I need this to check the email provider, domain name and other stuff about the email.
Example of the thing i want :
import sys
try:
argx = sys.argv(1)
x = "The argument after the char #, and the ."
except:
print("Please Input an email.")
if(x.lower() == "gmail") :
gmail()
elif(x.lower == "protonmail") :
protonmail()

You can use split function of a string in order to split a string
like
x = 'name#example.com' #Your input
email = x.split('#') # will give ['name','example.com']
provider = email[1].split('.')[0] # will give 'example'

Asuming you have the following email example#example.com. In python you can split a string with the split function. The function itself needs a delimeter. In your case the delimeter would be #. The return value of the split function is an array.
parts_of_mail = email.split("#")
>>> [example, example.com]
You now have the array parts_of_mail, which stores the left and right part of the email.

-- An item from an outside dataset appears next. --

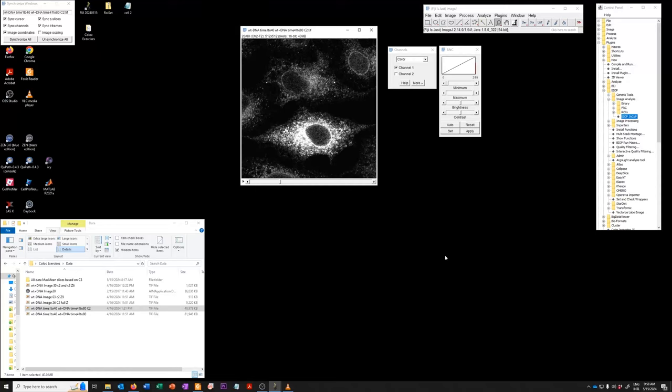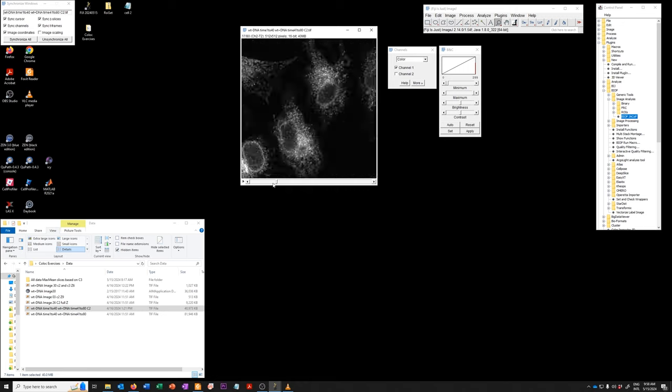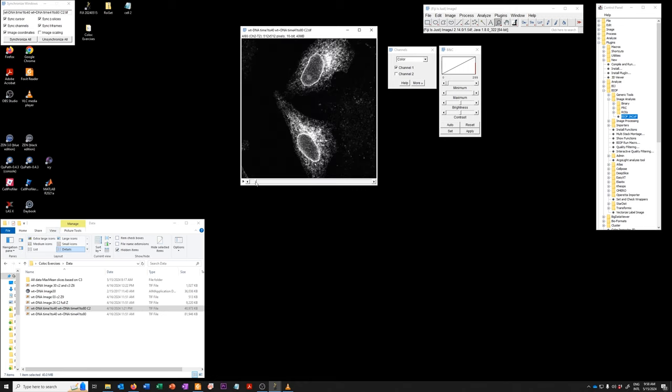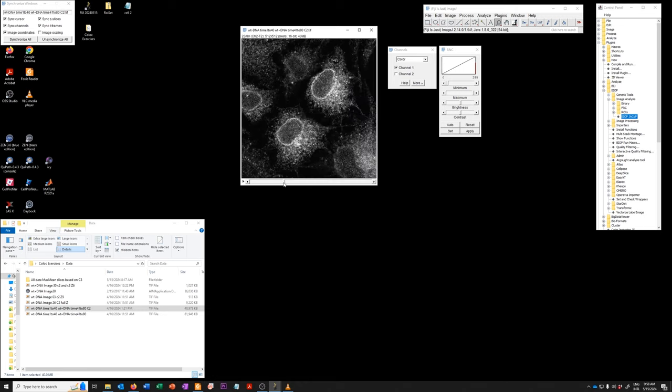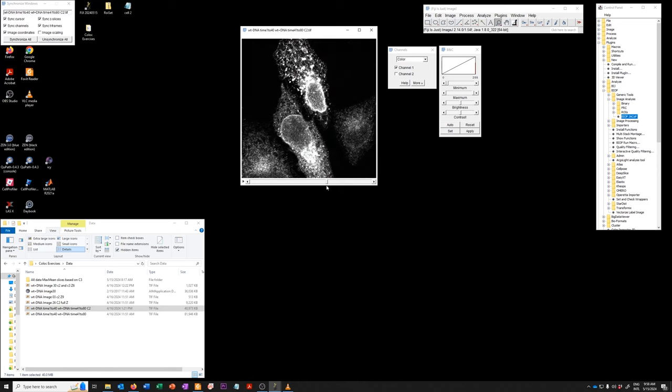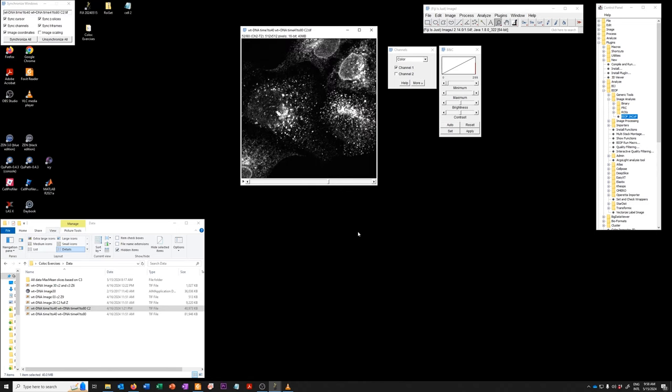This is an optional exercise related to exercise 8, using multiple images to explore thresholding options. What I want to show you in this optional exercise is how you get from individual data files to this concatenated image stack, which we saw was so useful in the exercise.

You can now split the string again, like above:
provider_info = parts_of_mail[1].split(".")
>>> [example, com]
Finally you can check the provider information:
if provider_info[0].lower() == "example":
# do stuff here
elif provider_info[0].lower() == "gmail":
# do stuff here
Note: provider_info[0] stores the provider and provider_info[1] stores the domain.

Related

'PySide6.QtWidgets.QLineEdit' object is not iterable [closed]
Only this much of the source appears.